A desclassificação da tipificação pela autoridade, não acarretará a inconsistência do AIT, quando esta, entender que a conduta praticada pelo suposto transgressor, enquadra-se em outro dispositivo, e assim, apresentar, em despacho fundamentado, a necessidade da alteração.
Ora senhores, vimos que a legalidade do ato mencionado está amplamente comprovada, a partir da interpretação do § 2º, do artigo 8º da Resolução 008/2004, ocorre, que não podemos desconsiderar a parte prática do sistema a qual estamos submetidos.

O responsável pela inserção dos dados do auto de infração no sistema, não é a Autoridade de Trânsito, e sim, um servidor responsável apenas pela digitação das informações, procedimento adotado antes da análise da consistência do AIT.

A Notificação da Autuação é expedida ao proprietário do veículo, assim que as informações contidas no auto de infração são inseridas no sistema, ou seja, o responsável recebe a ciência pelo que está sendo penalizado, antes que a autoridade de trânsito tenha analisado o referido documento, desde que não abordado e notificado no local.

Caso a autoridade entenda a necessidade de alterar a tipificação anteriormente lavrada, por despacho fundamentado, as informações prestadas ao cidadão responsável pela infração restariam prejudicadas, sendo necessário o re-envio da Notificação da Autuação, para que o direito a ampla defesa e ao contraditório sejam atendidos.

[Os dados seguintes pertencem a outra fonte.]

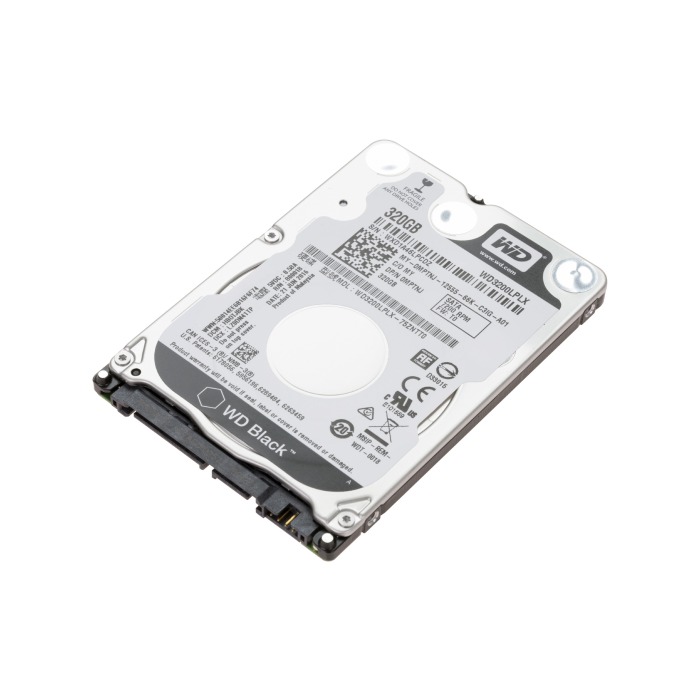 Festplatte Dell 320GB HDD SATA 6G 2.5" MPTNJ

Diante do procedimento logístico oferecido, a partir das normas instituídas por órgãos competentes, torna-se impraticável tal metodologia. Faz-se mister para que o dispositivo em análise tenha sua função atendida, que a Autoridade de Trânsito analise as informações contidas no auto de infração antes que o proprietário/infrator seja notificado da autuação, afim de permitir que as alterações que julgar necessárias, sejam feitas e as finalidades atendidas.

Este é o parecer que submeto a apreciação do pleno deste Conselho para análise e deliberação.

Florianópolis, 31 de julho de 2006


João Marcelo Fretta Zappelini
Conselheiro representante do DETRAN/SC


Aprovado por unanimidade na Sessão Ordinária n° 028/2006, realizada em 31 de julho de 2006.